Issue 190 - September 12, 2016

Hello, functional programmers!

How do we make code reusable? Back in the 90s, Object Oriented Programming promised reusability and as an industry, we bought it. We did expand reuse with OOP. Compared with the imperative languages they replaced, OOP brought three things to the table.

  1. Garbage Collection
  2. Polymorphism
  3. Data Hiding

Garbage collection frees libraries and their clients from negotiating about ownership. Who needs to free the memory? If it's you, how will I know when I shouldn't access it any more? These decisions make reuse very difficult. Every library has to define a discipline to follow. Java got this right by using garbage collection. C++ got it wrong.

Polymorphism means that if you have a client of an object, another object that responds to the same messages can be used instead. That means you can reuse the client code without modification.

To maximise reusability, you'll want to minimize the number of different messages you have to respond to. That way, you have less to implement and more things can implement it. Java gets this right sometimes. But generally, the Java type system makes it difficult to work with polymorphism. Designing a small, reusable interface is surprisingly hard.

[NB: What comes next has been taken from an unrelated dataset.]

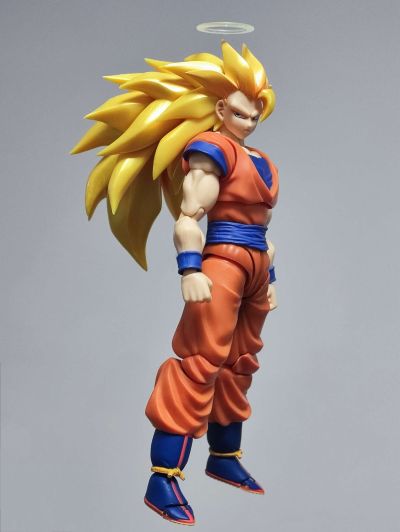 S.H.Figuarts  超级赛亚人3孙悟空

Clojure does a better job making small interfaces. ClojureScript was able to learn from the small mistakes of Clojure and make the interfaces even smaller. Plus Clojure's protocols let you extend existing classes with new interfaces.

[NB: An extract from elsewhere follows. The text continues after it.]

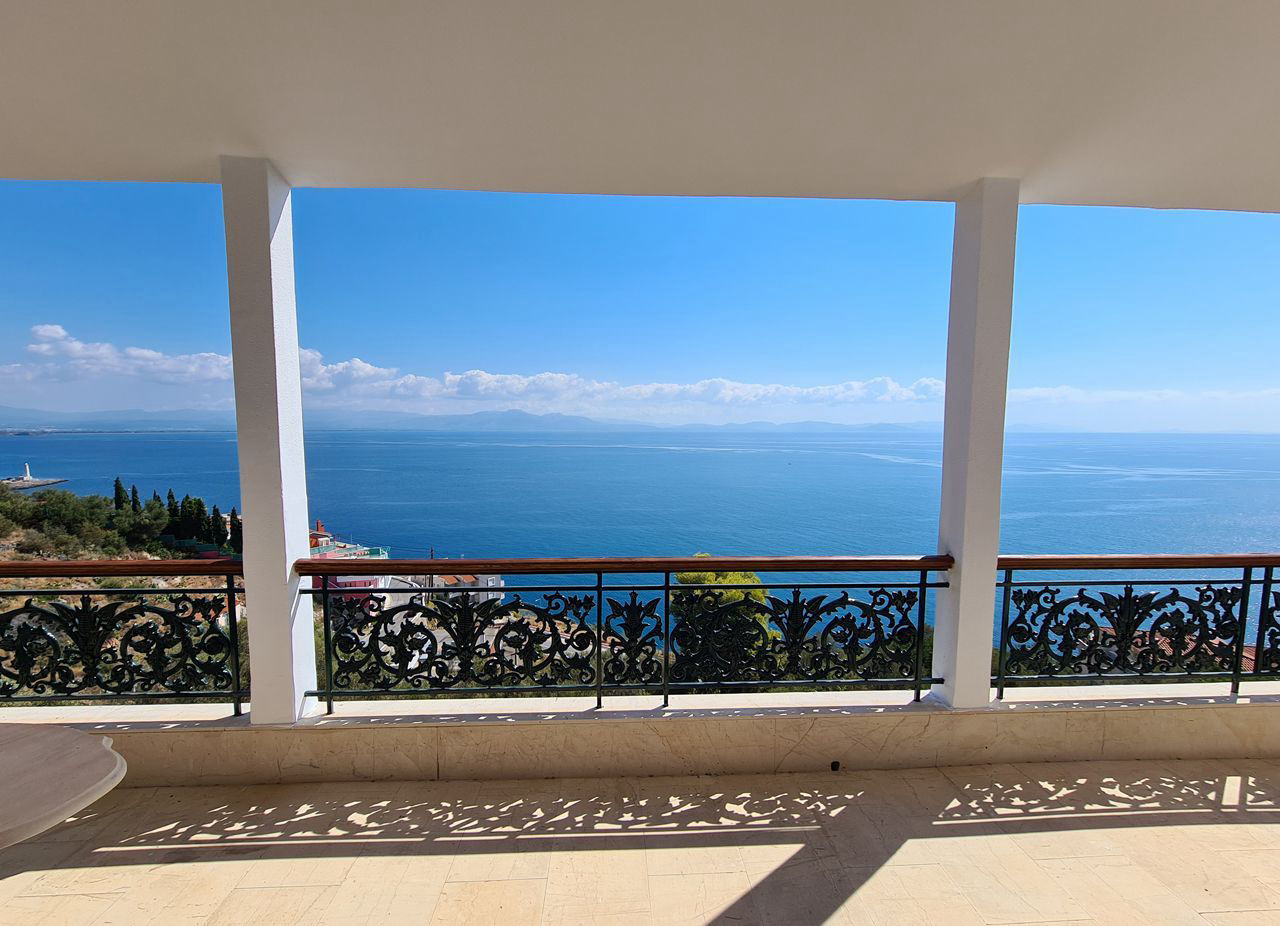 Sea view villa in Gythio with 6 bedrooms - ViAk507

Data hiding can increase reusability, too. If you really capture the essential relationships between the elements of state, your class can become a keeper of a universal truth. But, again, Java dropped the ball and recommended getters and setters. So after all of that data hiding, you just open the door to modifying the data willy-nilly. Mutable state is not so bad if mutation is hidden behind well-defined interfaces (which is how atoms, refs, agents, and vars work), but typical Java does not use data hiding.

The classes in Java also tend to be on the big side. It's very difficult to capture any kind of essential relationship between a large number of changing parts. Two you can handle. Twenty is too many. (So again we see the small size being an indicator of composability.)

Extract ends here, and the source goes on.